- [Brief]
What must be written out is each line from the one holding "By using a customized" through the end of the records, word for word, minus any pictures.

Records shown START

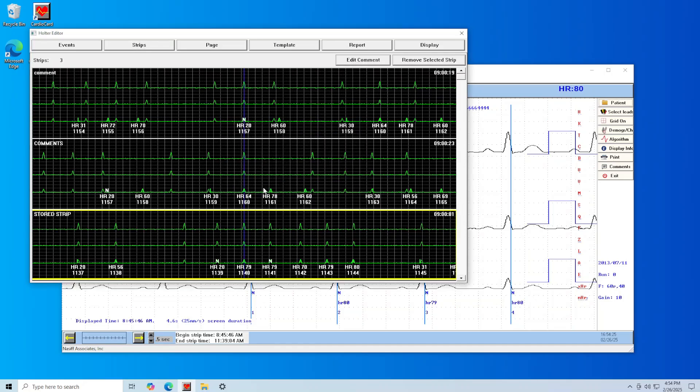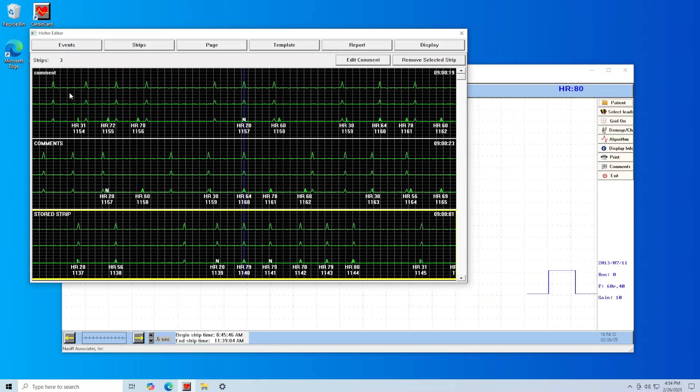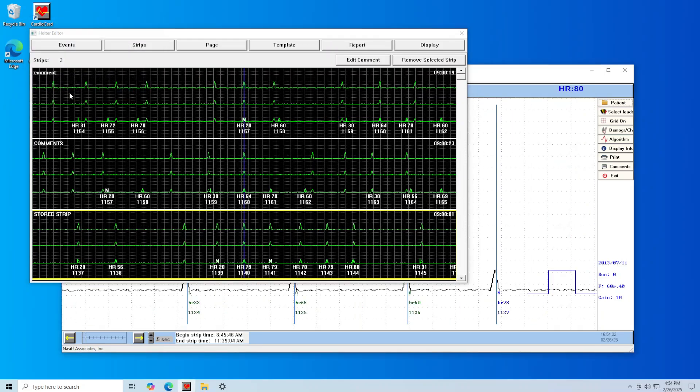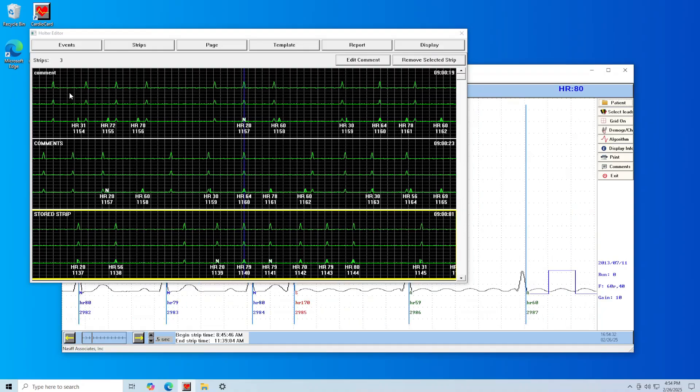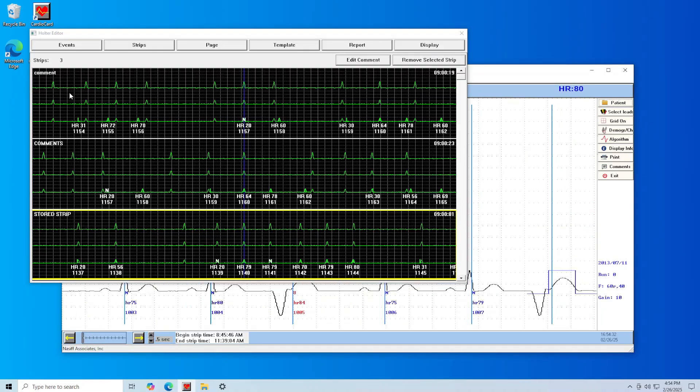To save and view the latest Holter test report with your editing, click on Report at the top right of the condensed editor screen and click on OK in the pop-up. This will generate and view the new Holter report with your editing.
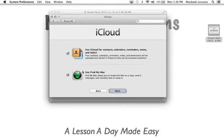The other thing I like is the Find My Mac. So if I go to iCloud.com and I log in with my user ID and password I will actually get the option to locate my Mac.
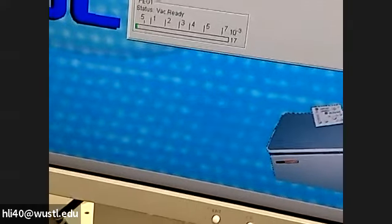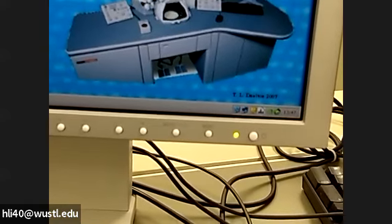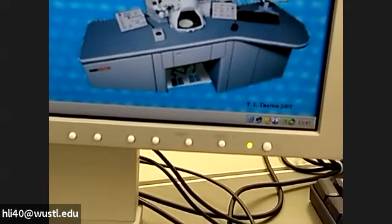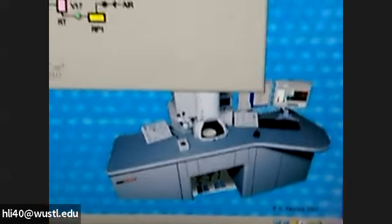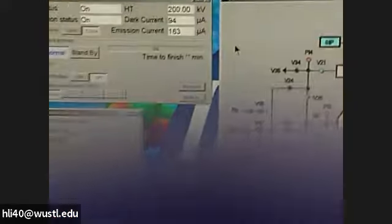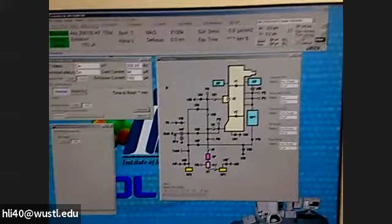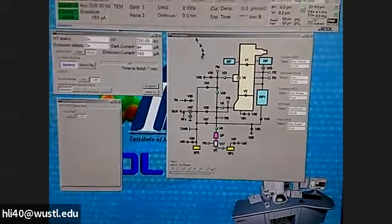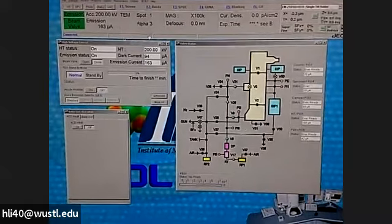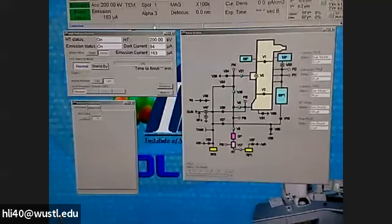So this is the end of your session. If you have a user after you, you don't need to do anything more — just clean up the table and take your stuff with you. If there's no other user, you need to put the instrument to standby, then go to ACD heat. We come back to the software — we need to go to standby.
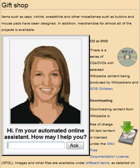E-commerce is the activity of buying or selling of products on online services or over the internet. Electronic commerce draws on technologies such as mobile commerce, electronic funds transfer, supply chain management, internet marketing, online transaction processing, electronic data interchange, inventory management systems, and automated data collection systems.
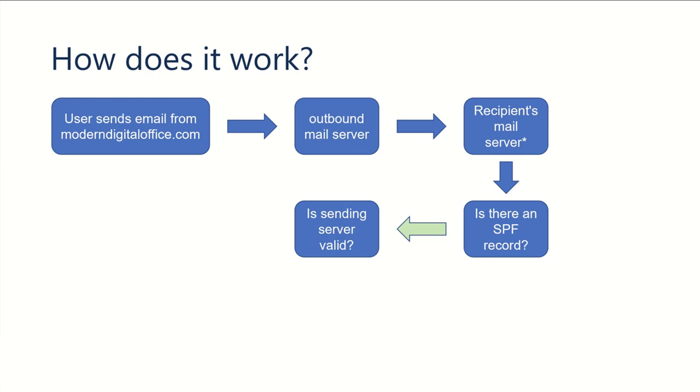It gets received by the recipient's mail server, and that recipient's mail server looks at a couple things to decide whether or not it's a valid email. It checks to see if the domain, in this case moderndigitaloffice.com, has an SPF record and verifies that the server that sent that message is valid according to the things that are set up in the SPF record.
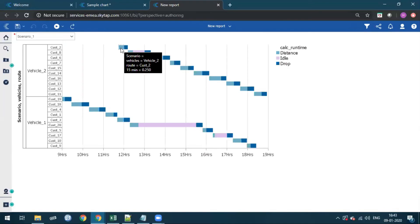By using a customized tooltip, we can now rename, calculate, and modify the data items while creating reports to make them more meaningful. Thank you.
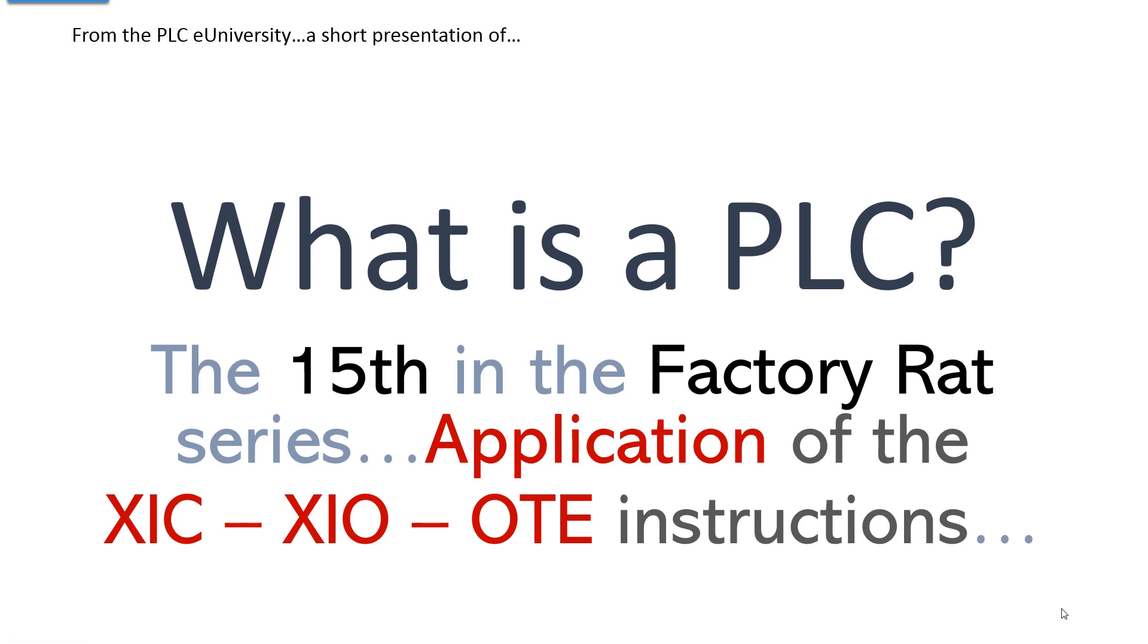Another short presentation from the PLC University website. What is a PLC? This is the 15th in the Factory Rat series. This is going to be an application of these three instructions: the True On, True Off, and Energize Output - XIC, XIO, OTE instructions.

Records shown END

- [Exercise solution]
By using a customized tooltip, we can now rename, calculate, and modify the data items while creating reports to make them more meaningful. Thank you.
Another short presentation from the PLC University website. What is a PLC? This is the 15th in the Factory Rat series. This is going to be an application of these three instructions: the True On, True Off, and Energize Output - XIC, XIO, OTE instructions.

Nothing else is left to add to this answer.